MOTHER, MAY I? OR, “The truck won’t come in again ’til next week”

[In which much is made of permission slips, fluoroscopes, mail delivery, and patience…LOTS AND LOTS of patience….]

Our story thus far:

  1. We were given $$$ to buy books
  2. We decided which books we needed
  3. We chose an approved vendor from which to buy the books
  4. We submitted requisite paperwork
  5. We received approved paperwork
  6. We secured permission to visit book store
  7. We bought books
  8. We picked up books
  9. We delivered books to prison ‘Bundle Room’

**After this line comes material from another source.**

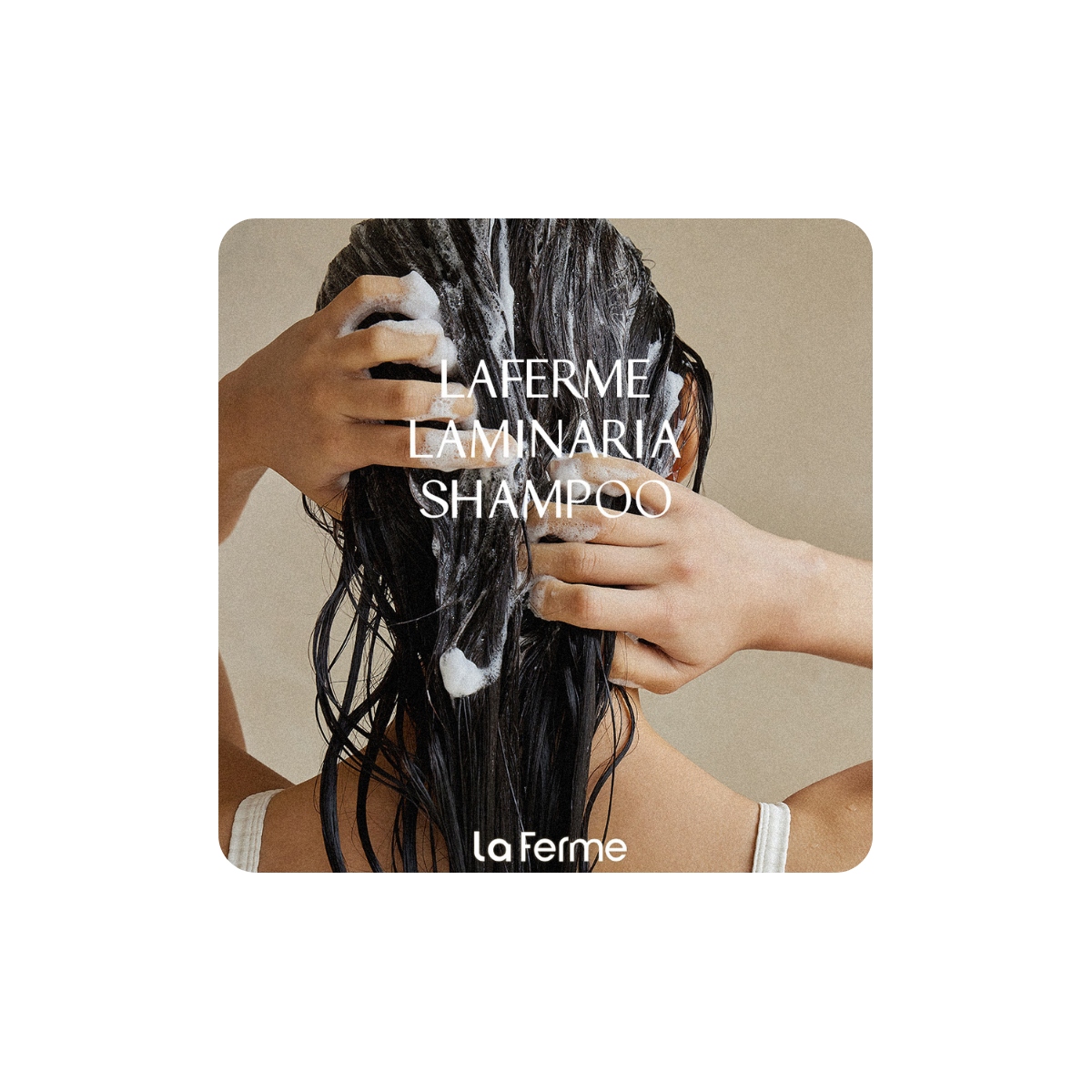 Cabello al mejor precio: Champú Nutritivo Laferme Laminaria Shampoo White Musk 500ml de La Ferme en Skin Thinks -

Now we need to get approval to get the books inside. Even though we have an approved State purchase requisition to show, we still need authorization to bring this stuff in. This requirement is found in the addendum to the Norfolk Procedural Statement covering 103 Code of Massachusetts Regulations 478, “Library Services.” And the authorization we’re required to get is known as an ‘Authorization to Enter’ form, or ‘A TO E.’

I log onto the Department intranet, locate the form/print it out, and then fill out the form with the following information:

Description of items to enter institution
Purpose of items entering institution
Date items will enter
Time of day items will enter
Contact staff

Then there’s a section at the bottom for the signature of the Deputy Superintendent and a place for her to date her signature.

Last Friday evening, I walked the quarter-mile to the deputy’s office and secured her signature on the A TO E. Because the Bundle Room closes at 3PM, I cannot submit this until the next time I’m in.


Because Monday was a Massachusetts holiday (Patriots’ Day), on Tuesday afternoon I deliver the A TO E to our ‘Bundle Room’ officer.

On Wednesday afternoon, when I started my shift, one of my clerks informed me that the Bundle Room truck made a delivery to our Supply House. There were no boxes of books on the truck. This truck only comes into the prison once a week. Hurry-up-and-wait.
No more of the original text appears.